### [ASSIGNED TASK]
What is needed is an exact reproduction of the lines in the records below, starting at the line with "Tenda Retrattile Grigio" and ending at the line with "a view of front door", both included, and nothing else; pictures stay out.

### [DATA TO USE]
■ ■ ■ ■ ■ ■ ■

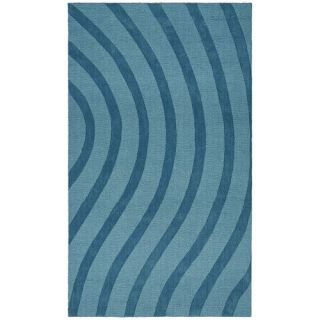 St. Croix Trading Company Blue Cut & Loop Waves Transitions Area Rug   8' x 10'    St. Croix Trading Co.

■ ■ ■ ■ ■ ■ ■

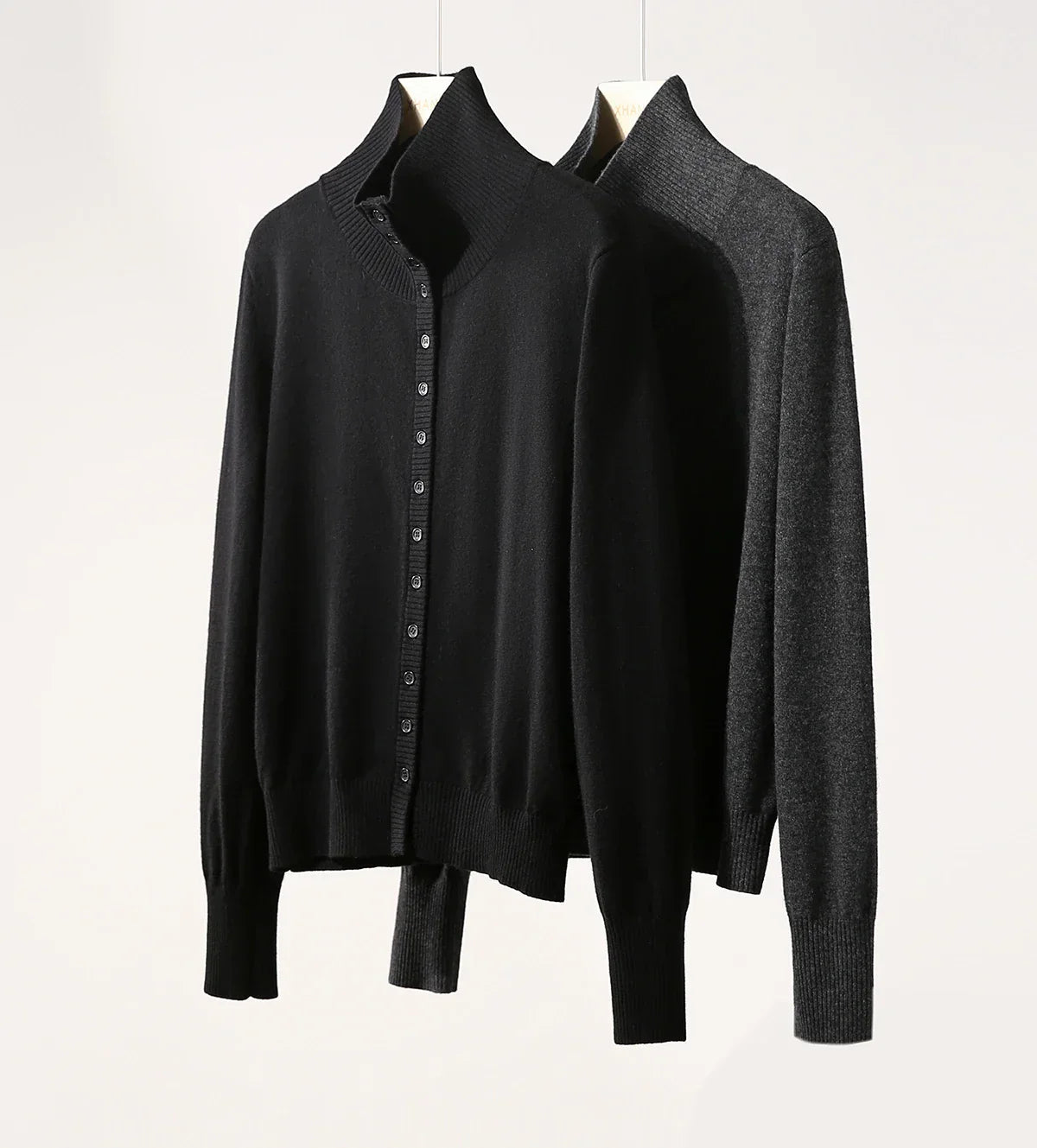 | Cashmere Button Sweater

■ ■ ■ ■ ■ ■ ■

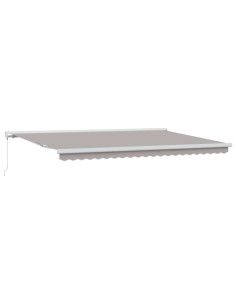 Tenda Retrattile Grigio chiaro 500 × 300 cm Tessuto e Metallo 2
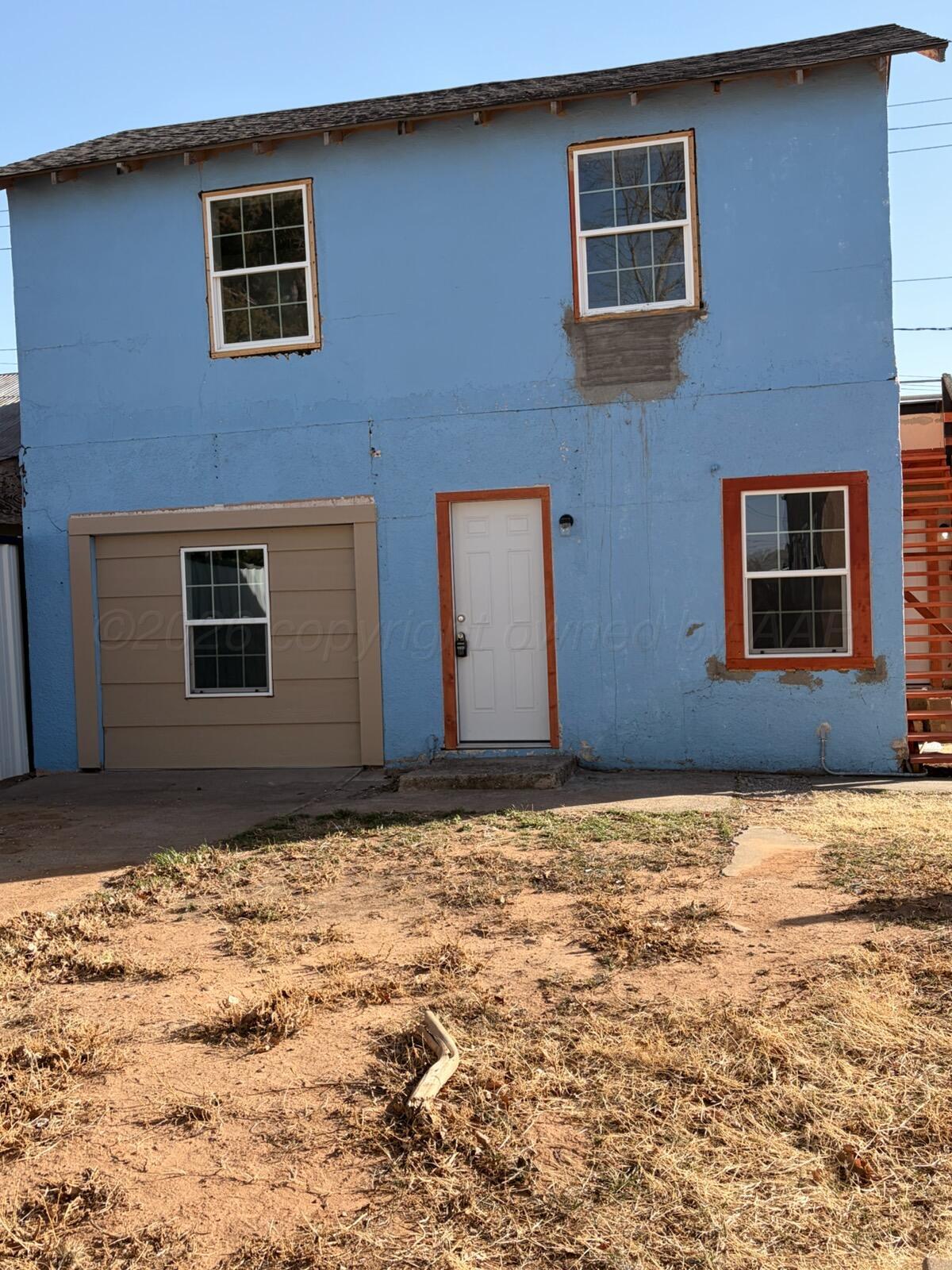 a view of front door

■ ■ ■ ■ ■ ■ ■

### [SOLUTION TO THIS EXERCISE]
 Tenda Retrattile Grigio chiaro 500 × 300 cm Tessuto e Metallo 2
 a view of front door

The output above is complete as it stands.